_Brief:_ In the records below, begin at the line that has "(56125) AK Prebischkegel, Böhmische" and stop after the line that has "DealMux 4040 Series"; quote those lines verbatim and nothing more.

_Data under study:_

*** Begin section ***

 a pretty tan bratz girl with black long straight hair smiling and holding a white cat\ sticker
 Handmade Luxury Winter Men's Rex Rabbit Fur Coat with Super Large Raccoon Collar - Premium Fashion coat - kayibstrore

*** End section ***
*** Begin section ***

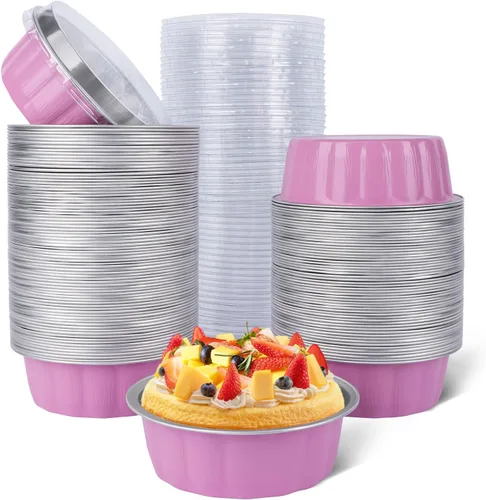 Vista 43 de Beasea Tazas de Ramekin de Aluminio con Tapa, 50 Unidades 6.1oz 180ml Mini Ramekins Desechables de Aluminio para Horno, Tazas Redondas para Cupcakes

*** End section ***
*** Begin section ***

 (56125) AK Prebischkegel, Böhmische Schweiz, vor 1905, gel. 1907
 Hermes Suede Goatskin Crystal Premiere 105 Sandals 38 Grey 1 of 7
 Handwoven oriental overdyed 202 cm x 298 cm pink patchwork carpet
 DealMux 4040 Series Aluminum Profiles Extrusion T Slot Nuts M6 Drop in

*** End section ***

_Response area:_
 (56125) AK Prebischkegel, Böhmische Schweiz, vor 1905, gel. 1907
 Hermes Suede Goatskin Crystal Premiere 105 Sandals 38 Grey 1 of 7
 Handwoven oriental overdyed 202 cm x 298 cm pink patchwork carpet
 DealMux 4040 Series Aluminum Profiles Extrusion T Slot Nuts M6 Drop in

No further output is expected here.